GIVEN RECORDS:
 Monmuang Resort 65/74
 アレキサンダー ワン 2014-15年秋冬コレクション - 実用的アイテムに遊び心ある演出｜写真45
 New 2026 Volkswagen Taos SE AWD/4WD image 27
---
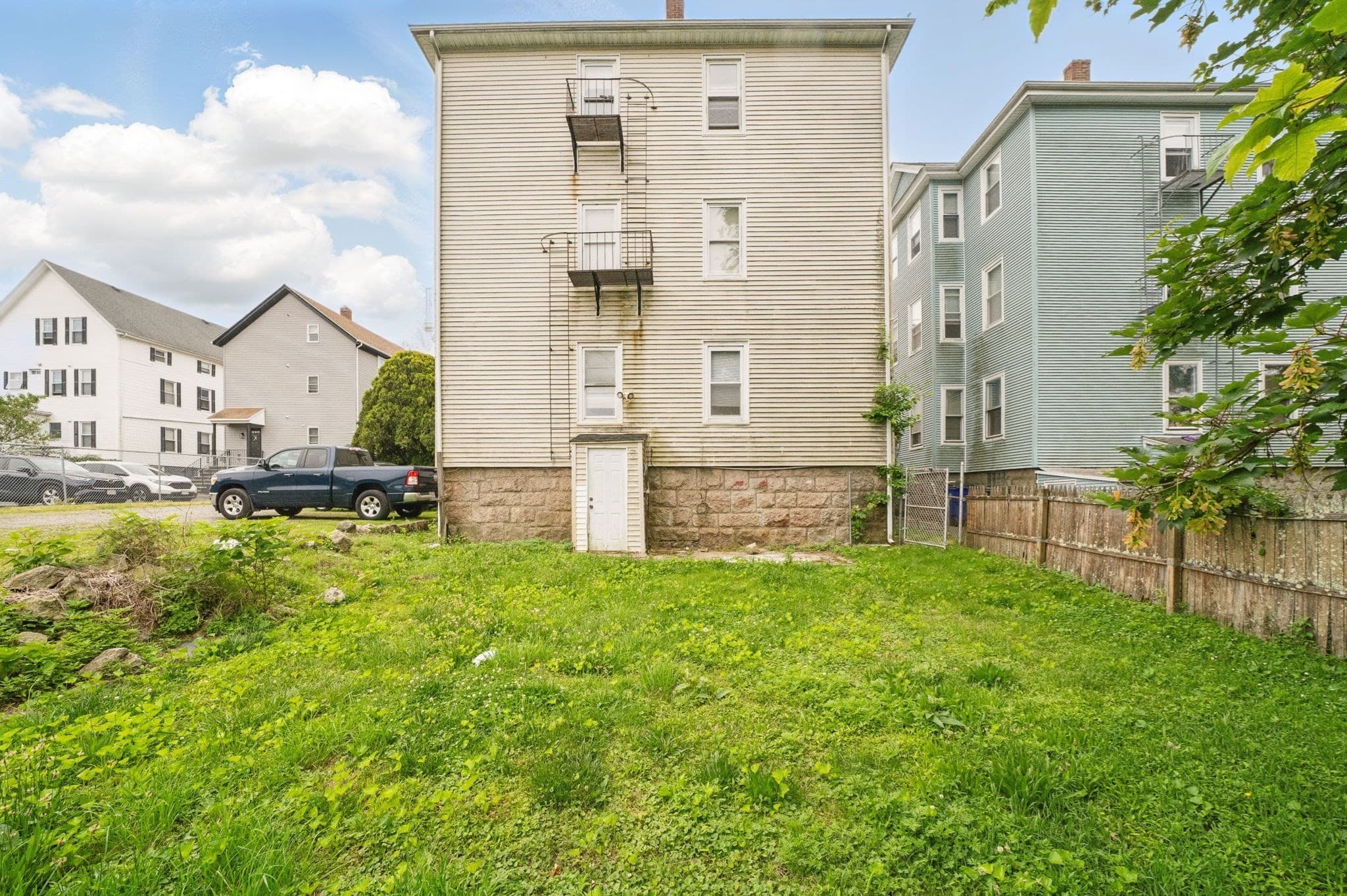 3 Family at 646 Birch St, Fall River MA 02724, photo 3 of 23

ASSIGNMENT: Could you set down, exactly as written, the lines above between the one holding "Monmuang Resort 65/74" and the one holding "New 2026 Volkswagen Taos SE AWD/4WD image 27", inclusive, and nothing more?

TASK RESPONSE:
 Monmuang Resort 65/74
 アレキサンダー ワン 2014-15年秋冬コレクション - 実用的アイテムに遊び心ある演出｜写真45
 New 2026 Volkswagen Taos SE AWD/4WD image 27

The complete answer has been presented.